## Data
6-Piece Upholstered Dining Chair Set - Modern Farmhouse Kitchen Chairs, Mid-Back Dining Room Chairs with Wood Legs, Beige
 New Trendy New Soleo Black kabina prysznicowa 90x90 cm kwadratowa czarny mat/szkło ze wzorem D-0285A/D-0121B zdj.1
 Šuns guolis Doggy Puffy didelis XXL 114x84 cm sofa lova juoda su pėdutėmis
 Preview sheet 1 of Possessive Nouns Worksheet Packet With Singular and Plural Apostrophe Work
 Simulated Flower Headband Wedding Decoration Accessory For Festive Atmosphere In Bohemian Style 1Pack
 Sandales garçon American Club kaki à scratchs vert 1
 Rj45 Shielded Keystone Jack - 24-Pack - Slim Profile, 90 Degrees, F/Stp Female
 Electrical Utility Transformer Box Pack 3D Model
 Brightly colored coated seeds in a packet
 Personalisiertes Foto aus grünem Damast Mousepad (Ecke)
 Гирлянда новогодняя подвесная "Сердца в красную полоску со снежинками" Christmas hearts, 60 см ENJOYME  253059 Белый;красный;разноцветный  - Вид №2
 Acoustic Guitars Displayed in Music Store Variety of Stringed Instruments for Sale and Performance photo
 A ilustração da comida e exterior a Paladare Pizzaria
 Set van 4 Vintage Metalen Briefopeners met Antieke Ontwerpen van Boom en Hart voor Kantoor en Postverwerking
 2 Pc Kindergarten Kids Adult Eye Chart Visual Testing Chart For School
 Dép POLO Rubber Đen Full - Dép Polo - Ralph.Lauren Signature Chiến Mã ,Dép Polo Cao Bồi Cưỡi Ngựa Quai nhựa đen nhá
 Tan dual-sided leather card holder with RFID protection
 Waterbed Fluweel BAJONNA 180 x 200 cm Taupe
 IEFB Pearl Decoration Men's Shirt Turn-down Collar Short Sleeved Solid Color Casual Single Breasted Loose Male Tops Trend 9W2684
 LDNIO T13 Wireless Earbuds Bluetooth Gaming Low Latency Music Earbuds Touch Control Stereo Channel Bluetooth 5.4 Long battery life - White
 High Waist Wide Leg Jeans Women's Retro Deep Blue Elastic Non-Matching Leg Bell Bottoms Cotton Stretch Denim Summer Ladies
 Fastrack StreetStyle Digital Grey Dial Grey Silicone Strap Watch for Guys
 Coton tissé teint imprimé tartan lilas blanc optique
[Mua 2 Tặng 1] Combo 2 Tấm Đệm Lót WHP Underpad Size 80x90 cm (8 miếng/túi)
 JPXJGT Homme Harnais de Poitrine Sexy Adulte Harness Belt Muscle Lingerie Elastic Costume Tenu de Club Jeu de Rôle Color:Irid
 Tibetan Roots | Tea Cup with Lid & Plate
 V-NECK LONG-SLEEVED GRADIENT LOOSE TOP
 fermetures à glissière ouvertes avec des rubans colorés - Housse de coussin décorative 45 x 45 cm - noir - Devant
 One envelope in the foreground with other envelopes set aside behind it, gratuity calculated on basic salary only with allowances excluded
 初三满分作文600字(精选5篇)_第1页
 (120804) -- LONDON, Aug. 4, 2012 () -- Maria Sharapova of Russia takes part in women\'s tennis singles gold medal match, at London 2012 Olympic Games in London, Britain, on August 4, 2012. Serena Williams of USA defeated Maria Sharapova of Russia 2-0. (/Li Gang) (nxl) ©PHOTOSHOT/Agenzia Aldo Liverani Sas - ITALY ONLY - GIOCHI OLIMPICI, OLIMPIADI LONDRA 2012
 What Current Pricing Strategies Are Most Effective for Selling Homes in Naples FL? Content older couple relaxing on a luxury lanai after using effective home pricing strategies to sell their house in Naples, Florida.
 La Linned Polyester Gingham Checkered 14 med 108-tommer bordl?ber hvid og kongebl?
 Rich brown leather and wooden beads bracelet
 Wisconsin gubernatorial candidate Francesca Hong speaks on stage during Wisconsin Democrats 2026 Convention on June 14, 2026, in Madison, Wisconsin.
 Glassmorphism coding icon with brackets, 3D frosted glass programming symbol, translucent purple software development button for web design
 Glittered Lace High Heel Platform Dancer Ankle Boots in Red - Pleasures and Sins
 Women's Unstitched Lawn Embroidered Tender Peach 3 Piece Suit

## Task goal
Pull each line containing "Elastic" from the records.

## Response
 High Waist Wide Leg Jeans Women's Retro Deep Blue Elastic Non-Matching Leg Bell Bottoms Cotton Stretch Denim Summer Ladies
 JPXJGT Homme Harnais de Poitrine Sexy Adulte Harness Belt Muscle Lingerie Elastic Costume Tenu de Club Jeu de Rôle Color:Irid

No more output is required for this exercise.